Application Examples

Residual solvents in pharmaceutical substances

Many pharmaceutical substances are recrystallized from solvents. As a result, residues of solvents often remain in the product. Combined techniques such as TGA-MS are ideal to detect and identify such undesired residues. In the example, methanol and acetone were used to recrystallize the active substance. The presence of these two substances is confirmed by the peaks in the m/z 43 and m/z 31 fragment ion curves. The results indicate that the weight loss step at 200 °C is almost entirely due to the elimination of acetone.

  

Thermal behavior of cable insulation material

TGA-FTIR analysis was used to determine whether corrosive substances are formed in the processing of ETFE cable insulation material for metal connections during thermal treatment.

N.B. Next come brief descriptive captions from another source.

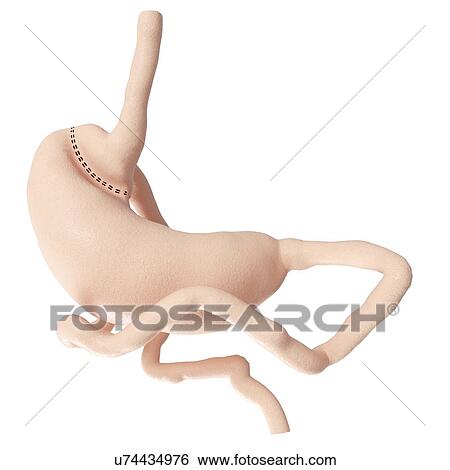 Illustration of a gastric bypass View Large Photo Image Stock Photograph - Illustration of a gastric bypass. Fotosearch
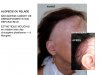 ALOPECIE1.jpg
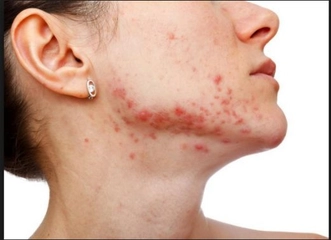 Akne Hastalığı Belirtileri ve Tedavisi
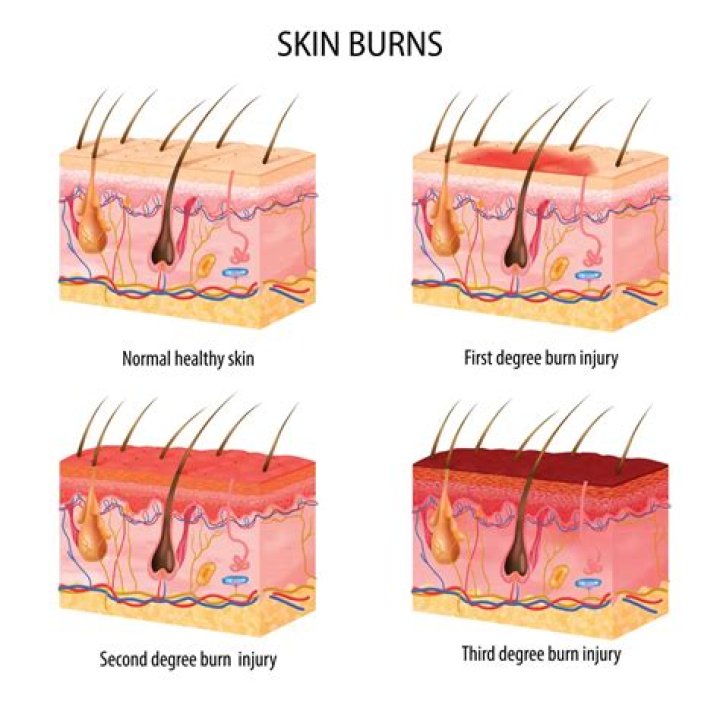 How much damage does after burn do?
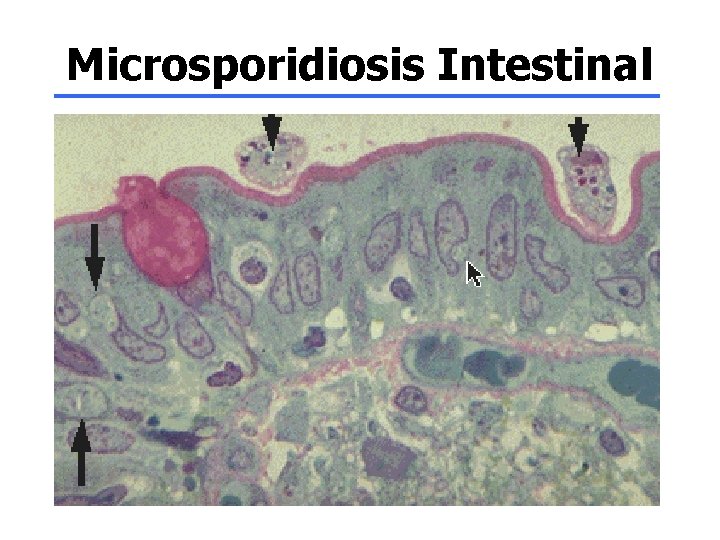 Microsporidiosis Intestinal 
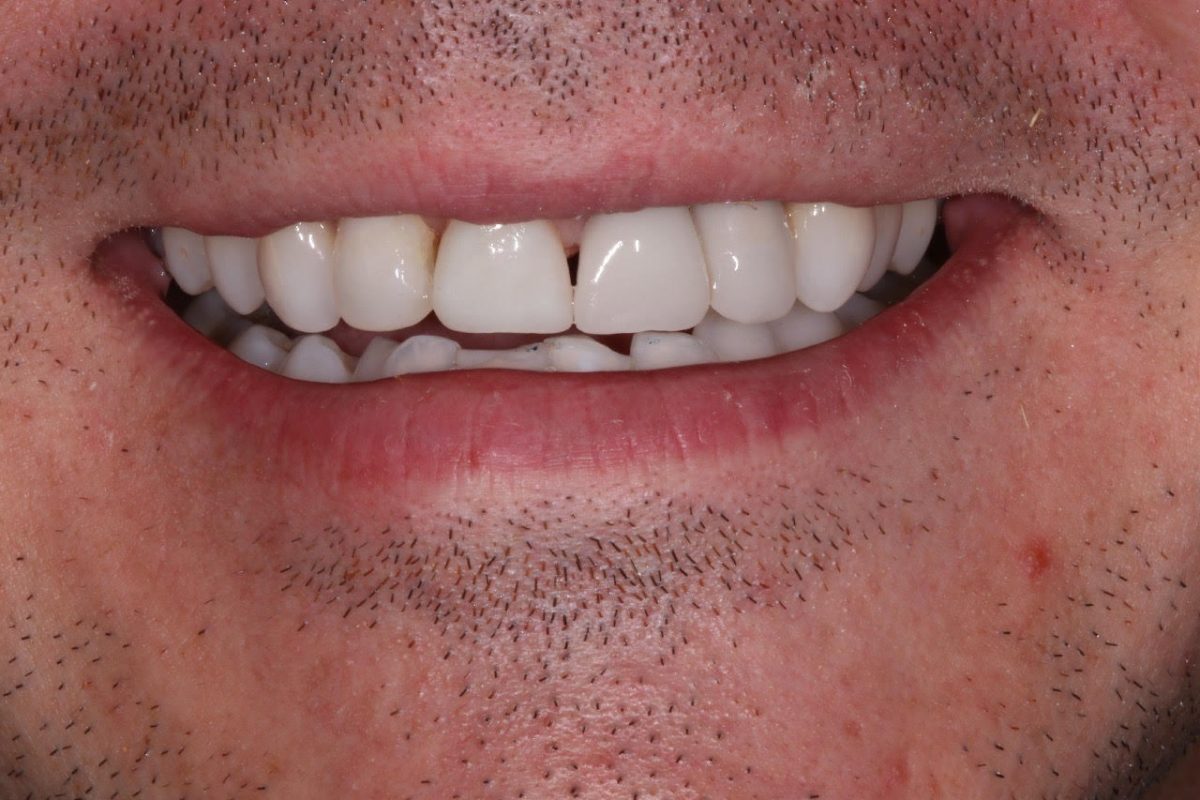 Dave Implant And Crown After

The analysis of finished insulation material indicated that the sample released volatile substances at temperatures above about 275 °C. An IR spectrum recorded during the main decomposition process at 510 °C shows that alkyl fluorides and hydrogen fluoride (HF, 3500—4000 cm-1) are produced as decomposition products. HF is therefore released at high temperatures and could potentially attack metal connections. The use of ETFE is, however, perfectly acceptable because processing is performed at lower temperatures.

  

Delamination of printed circuit boards

Using TMA as a very sensitive method the temperature of the first irreversible change (delamination) can be determined and at the same time the nature of the gases evolved can be identified.
If printed circuit boards are exposed to excessive heat, e.g. in a soldering bath, there is the risk that the layers of the board separate (delaminate). This is hardly visible but it can destroy the electrical connections. If the thermal stress is too high, decomposition can continue, in which case gases are evolved that cause further damage.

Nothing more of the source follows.